John Key upset at “stuck up” New Zealand authors


Popular Prime Minister John Key says he’s struggled with being an ambassador for the literary arts because he doesn’t think the literary arts are doing as much as it could to support New Zealand.

Key, who won the 2008, 2011 and 2014 elections as leader for the National Party, has been at the World Economic Forum in Davos, Switzerland where he told reporters he’s struggled with his identity as a New Zealand politician.  

“I’ve never really thought of myself as a New Zealand politician. Coming and being an ambassador for New Zealand’s literary arts when I feel that actually the literary arts are not doing as much as they could for the New Zealand in general, but for the country … It’s just a slightly complicated position to be in,” he said.

Key said he feels “very angry with New Zealand’s writers”.

“At the moment, New Zealand, like Australia and Canada, (are dominated by) these touchy-feely, self-obsessed, very egotistical, very publicity-hungry authors who do not care about the economy.

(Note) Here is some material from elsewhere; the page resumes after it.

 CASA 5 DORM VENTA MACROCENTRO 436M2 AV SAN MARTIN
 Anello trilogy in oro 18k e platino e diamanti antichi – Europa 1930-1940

“She cares about reputational gains. She would rather write an obscure and hard to read book for her elite arts luvvies rather than provide educational work or something that will benefit the population at large” Switzerland’s Chocolate Mint news website quoted him as saying.

Man Booker Prize winning author Eleanor Catton said she’s disappointed in Key, “doesn’t have respect for the work we do because I have tremendous respect for what he does as a politician”.

She said Key has been aligned with the National Party and his comments “probably summarise the National Party’s view of the literary world”.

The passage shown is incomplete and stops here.